» **DATA BLOCK**:
=======

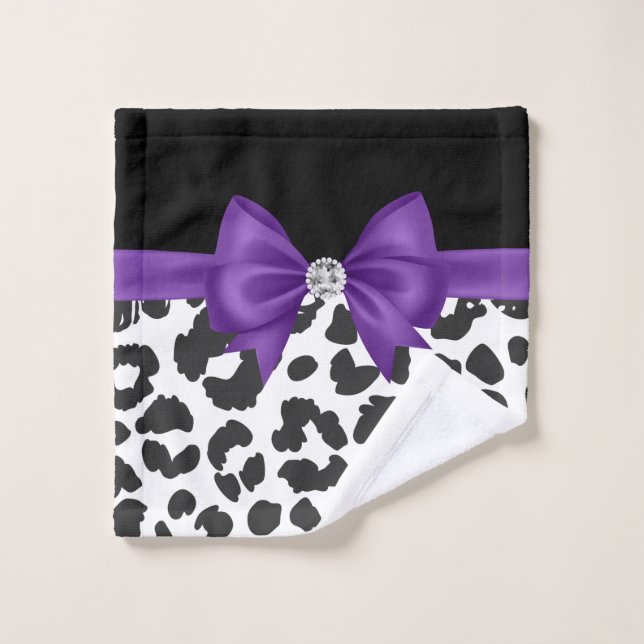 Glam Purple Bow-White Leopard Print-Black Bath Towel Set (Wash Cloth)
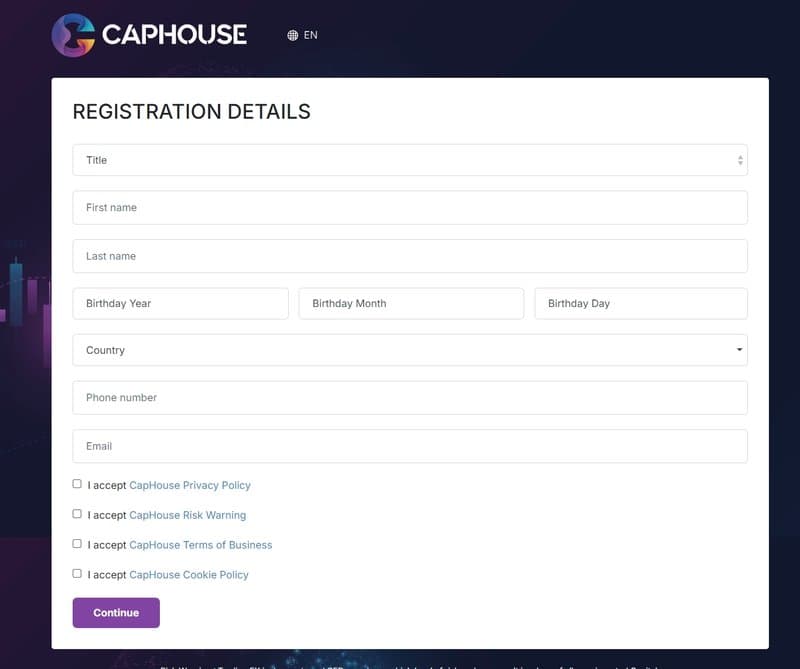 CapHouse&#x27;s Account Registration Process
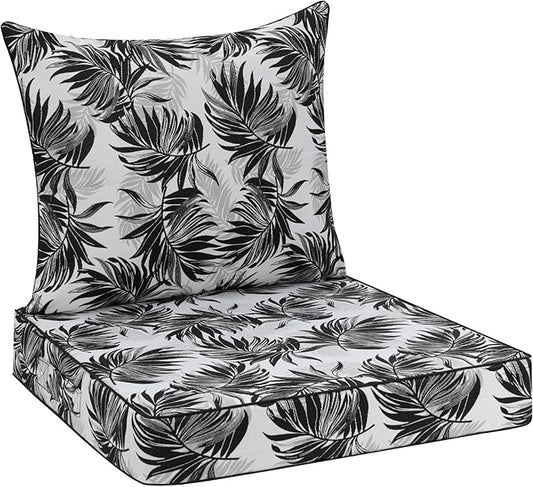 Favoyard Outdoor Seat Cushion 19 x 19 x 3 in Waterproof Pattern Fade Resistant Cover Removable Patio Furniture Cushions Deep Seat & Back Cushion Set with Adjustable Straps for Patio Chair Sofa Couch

=======

» **EXERCISE BRIEF**: A verbatim copy of the data, pictures removed, is the expected result.

» **PROBLEM SOLUTION**:
 Glam Purple Bow-White Leopard Print-Black Bath Towel Set (Wash Cloth)
 CapHouse&#x27;s Account Registration Process
 Favoyard Outdoor Seat Cushion 19 x 19 x 3 in Waterproof Pattern Fade Resistant Cover Removable Patio Furniture Cushions Deep Seat & Back Cushion Set with Adjustable Straps for Patio Chair Sofa Couch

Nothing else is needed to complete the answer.